Enter Benjamin Netanyahu, whose career began in earnest in the mid-1980s during his diplomatic posting to the USA as Israel’s UN Ambassador. In 1987 he published Terrorism: How the West Can Win, advocating a hardline, proactive counterterrorism strategy. He argued that international terrorism is not rooted in grievances but is a tactical tool of ‘totalitarian’ states, necessitating measures including military retaliation to destroy it.
Netanyahu (and the Israeli establishment writ large) has long wanted to influence the US government to decisively strike Iran.
It is now over 13 years since Netanyahu presented this notorious graphic of Iran’s proximity to developing a nuclear weapon, rendered akin to an Acme Loony Tunes cartoon bomb, to cajole the Obama administration and other states from signing a deal with Iran to limit its enrichment activities.
Then, Netanyahu’s efforts failed and the Iranian nuclear deal was inked in 2015. This time, he has his way first with ‘Midnight Hammer’ and now ‘Epic Fury’. Getting the US to attack Iran, now with the goal of regime change, is the greatest diplomatic triumph of Netanyahu’s career (as he will see it).
Israel’s military paved the way to US action with its ‘pre-emptive strike’ on Iran last June. The implication is clear: Israel leads on Iran and the Trump Administration follows.
I would also surmise a creeping Israeli influence on wider US global military strategy. What Israel practises in relative microcosm is euphemistically referred to as ‘mowing the grass’: launching periodic strikes against its enemies like Hamas, Hezbollah and Iran to keep them in check, and to over-respond to any threat or provocation.
Trump’s evolving military strategy involves placing regimes like Venezuela and Iran under permanent watch, threatening deadly retaliation if they step out of line. If Hegseth is looking for winners his quest may have only led him as far as Israel.
Gulf fury
This is the part of US-Israeli strategy that has worked resoundingly so far: the Gulf Arab states have long held Iran in antipathy and are furious at Iran’s missiles strikes.

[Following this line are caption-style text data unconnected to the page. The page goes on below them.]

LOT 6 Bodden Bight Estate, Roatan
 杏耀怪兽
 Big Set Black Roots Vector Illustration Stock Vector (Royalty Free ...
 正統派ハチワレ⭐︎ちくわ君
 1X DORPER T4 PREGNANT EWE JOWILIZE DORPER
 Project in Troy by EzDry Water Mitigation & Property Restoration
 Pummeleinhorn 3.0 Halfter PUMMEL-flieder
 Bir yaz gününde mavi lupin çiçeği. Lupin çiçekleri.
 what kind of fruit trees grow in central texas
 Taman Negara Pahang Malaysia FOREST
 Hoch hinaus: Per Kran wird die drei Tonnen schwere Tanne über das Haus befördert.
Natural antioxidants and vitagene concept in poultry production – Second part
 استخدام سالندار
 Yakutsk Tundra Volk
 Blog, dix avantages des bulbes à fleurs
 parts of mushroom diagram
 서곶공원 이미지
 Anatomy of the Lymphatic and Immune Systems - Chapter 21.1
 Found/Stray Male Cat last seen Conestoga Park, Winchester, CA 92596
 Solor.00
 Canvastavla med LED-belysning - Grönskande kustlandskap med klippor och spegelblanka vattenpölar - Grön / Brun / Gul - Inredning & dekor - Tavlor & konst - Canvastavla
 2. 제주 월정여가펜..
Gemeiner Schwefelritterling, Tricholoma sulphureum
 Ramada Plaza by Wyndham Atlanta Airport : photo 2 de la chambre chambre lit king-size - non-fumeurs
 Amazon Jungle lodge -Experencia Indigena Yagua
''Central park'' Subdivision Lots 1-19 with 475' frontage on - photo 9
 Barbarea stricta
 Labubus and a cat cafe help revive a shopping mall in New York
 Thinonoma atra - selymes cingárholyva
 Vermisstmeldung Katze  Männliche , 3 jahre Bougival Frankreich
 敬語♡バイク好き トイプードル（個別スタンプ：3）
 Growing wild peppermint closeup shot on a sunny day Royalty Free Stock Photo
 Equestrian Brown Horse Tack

Iran sees these states as legitimate targets. Bahrain hosts the US fifth fleet HQ. Qatar hosts the Al Udeid Air Base. The UAE hosts Al Dhafra Air Base. In Iraq, the US maintains a presence at Ain Al Asad Air Base. Kuwait hosts US military installations, and US troops remain in Saudi Arabia.
Even Oman, host of the now defunct US diplomatic outreach to Iran, is in the firing line given Iranian attacks on shipping along the Straits of Hormuz.
The US-Israeli strategic calculation is for anger to rise to boiling point inside and around Iran to such levels that its hardline theocratic regime buckles. Even if it does, there are greater chances of civil unrest, civil war, and regional instability than a political transition to an Iranian regime that comes to heel.
At which point Netanyahu may feel as if he’s achieved Israel’s goals but Trump risks making the US look blundering, warmongering and bereft of real strategic outcomes.